GOAL OF THE EXERCISE »
Nothing but the lines from the one containing "Sperry Other - Brown Duck Boots 🥾 4M" to the final line of the entries should appear, copied exactly and without pictures.

[Saved entries]
────────────────

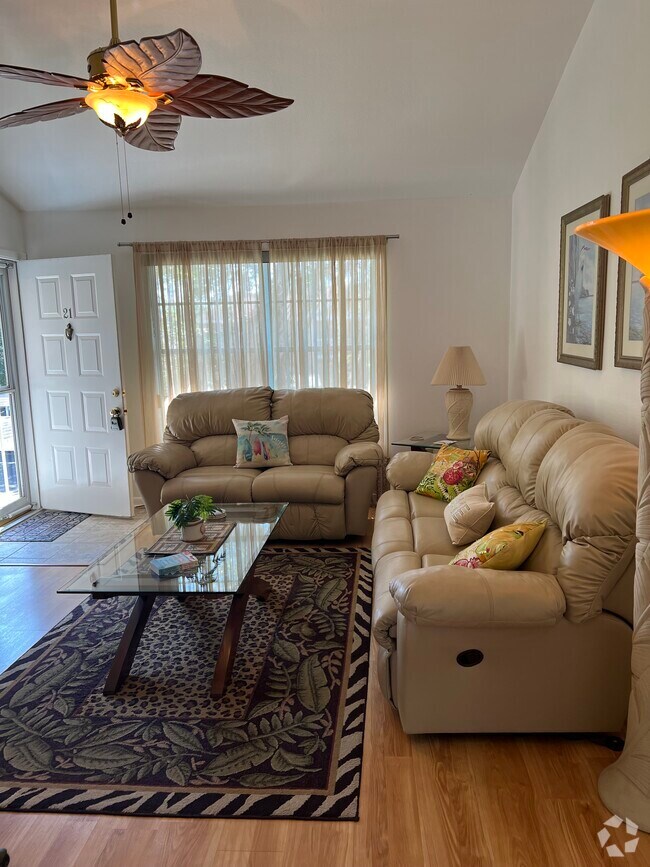 The Meadows Apartments under 3,000 New Port Richey, FL 3 Rentals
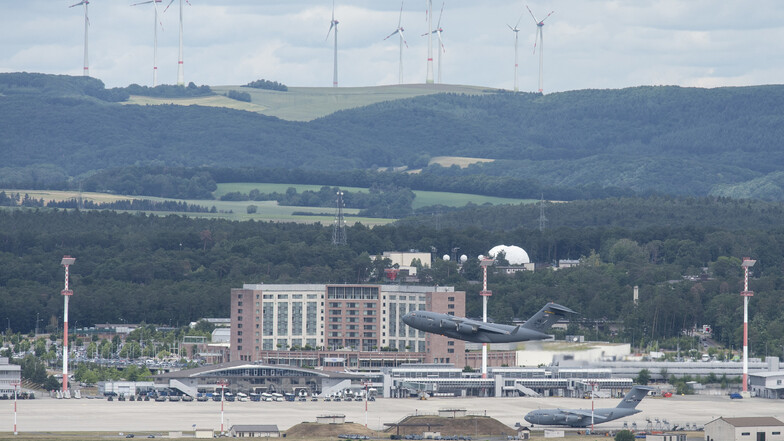 Blick auf die US-Airbase Ramstein in Rheinland-Pfalz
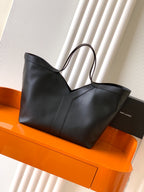 Saint Laurent Y Large Tote Bag in Black Grained calfskin Leather - Detail View 3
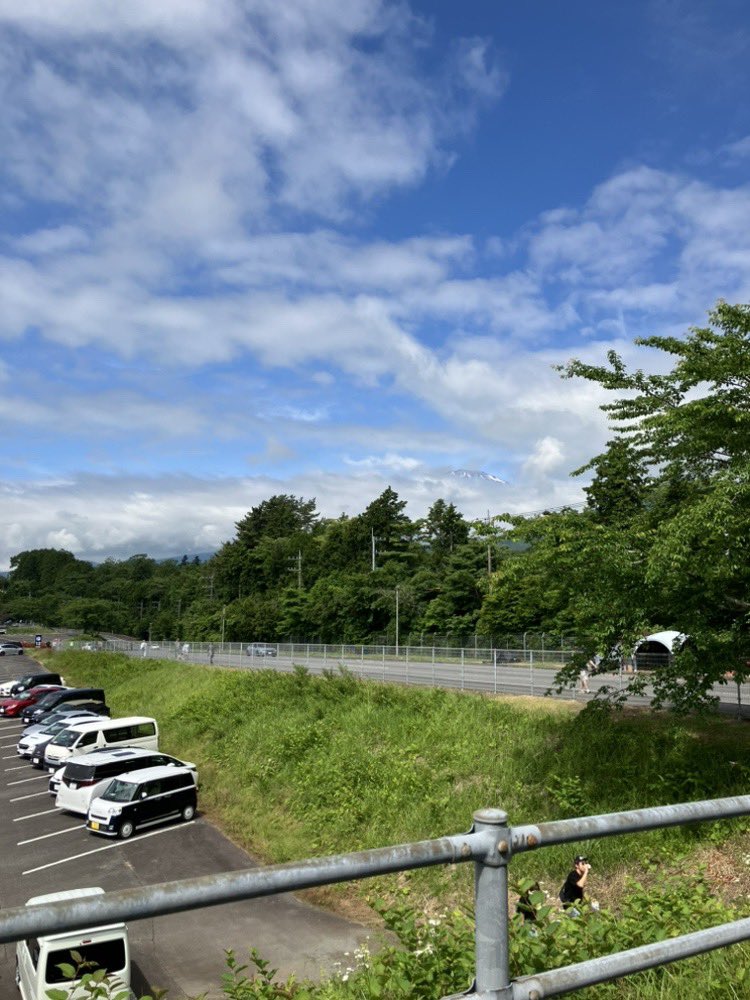 Fuchang0914's tweet photo. 曇っててギリギリ富士山見えへんかった🏔️
スーパー耐久観戦兼お仕事。 https://t.co/p3GeFElInz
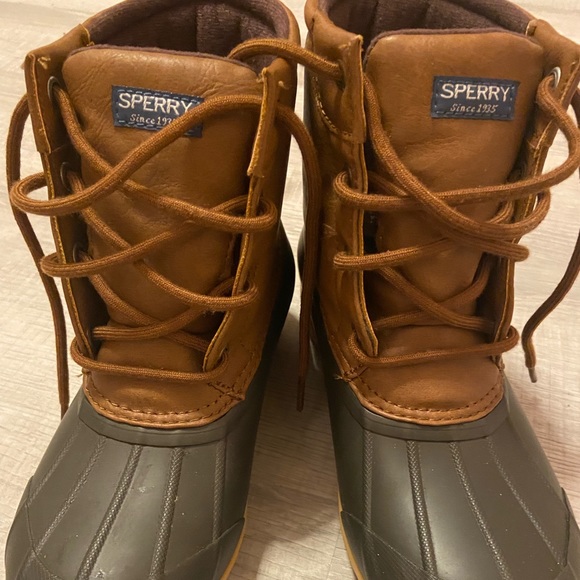 Sperry Other - Brown Duck Boots 🥾 4M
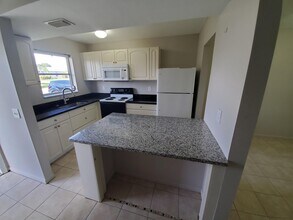 2984 SE Bonita St in Stuart, FL - Foto de edificio - Building Photo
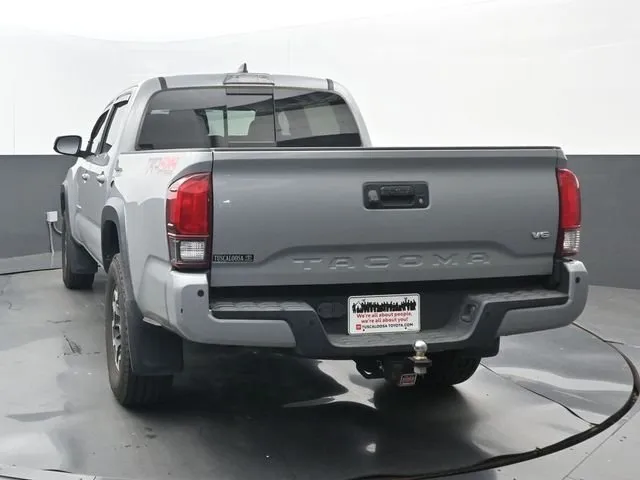 2019 Toyota Tacoma TRD Off-Road thumbnail 4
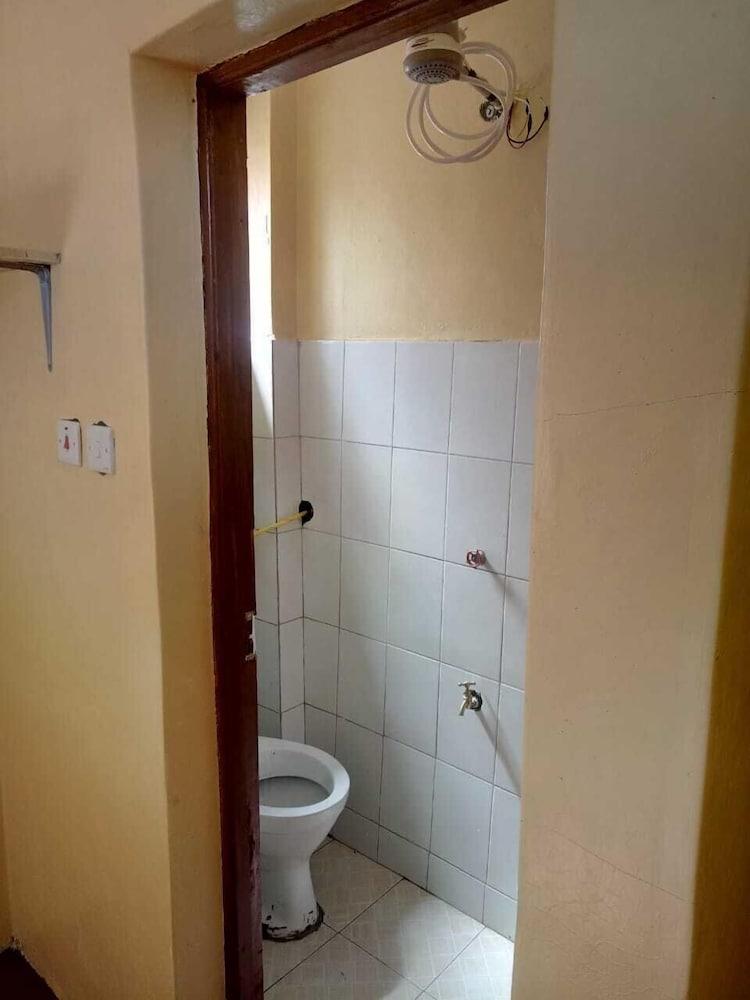 Three Rey Hostels - Hostel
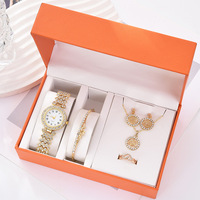 Ensemble de montres cinq pièces pour femme, motif Dragon, multi-usages, populaire à l'international, style professionnel et tendance, à quartz incrusté de diamants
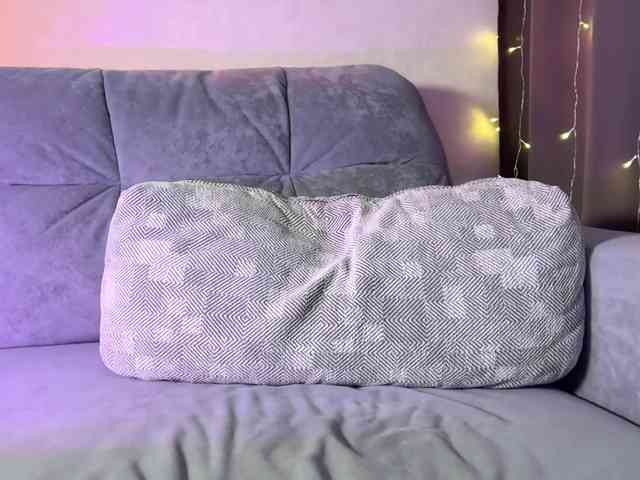 MillyMia webcam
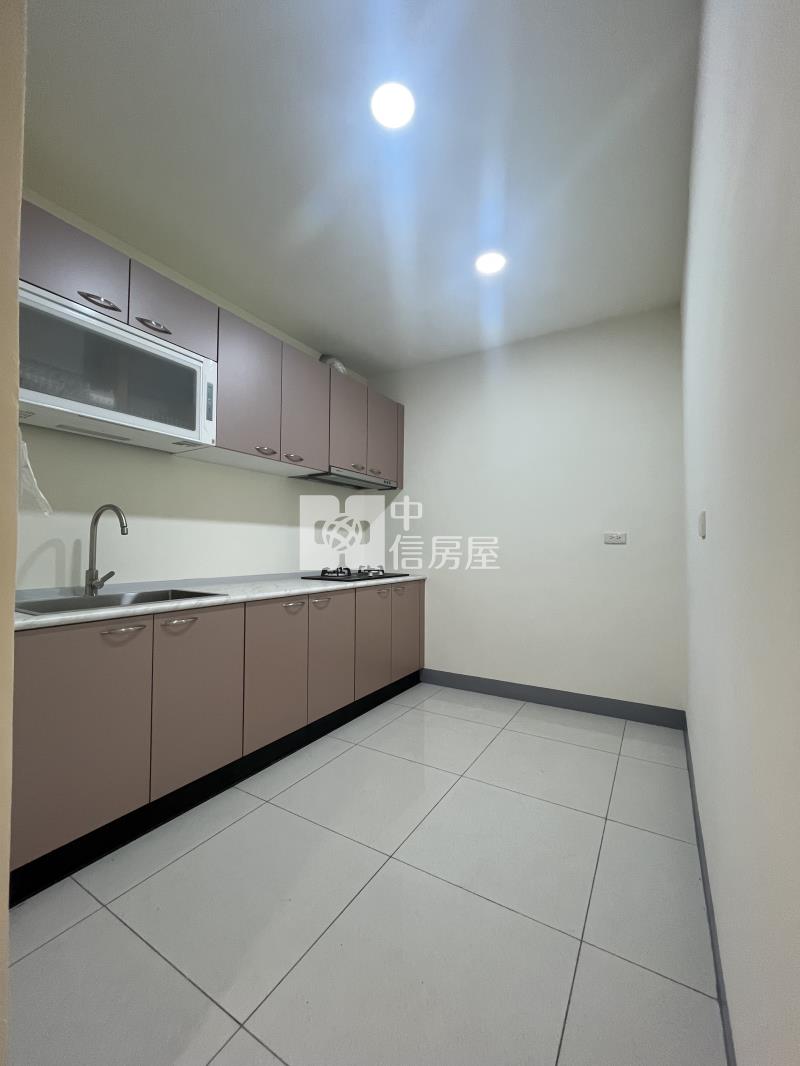 楊梅高中露台景觀透天房屋室內格局與周邊環境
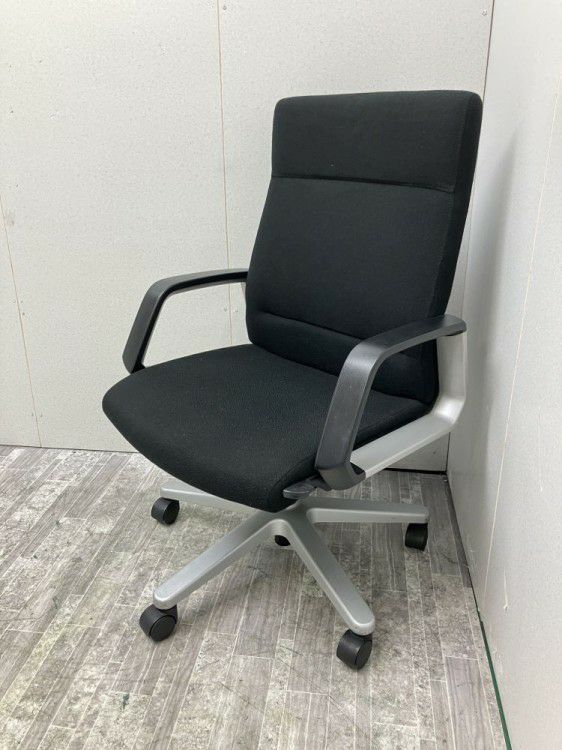 三重県にて コクヨ 固定肘付マネジメントチェア  を買取致しました。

────────────────

EXPECTED OUTPUT »
 Sperry Other - Brown Duck Boots 🥾 4M
 2984 SE Bonita St in Stuart, FL - Foto de edificio - Building Photo
 2019 Toyota Tacoma TRD Off-Road thumbnail 4
 Three Rey Hostels - Hostel
 Ensemble de montres cinq pièces pour femme, motif Dragon, multi-usages, populaire à l'international, style professionnel et tendance, à quartz incrusté de diamants
 MillyMia webcam
 楊梅高中露台景觀透天房屋室內格局與周邊環境
 三重県にて コクヨ 固定肘付マネジメントチェア  を買取致しました。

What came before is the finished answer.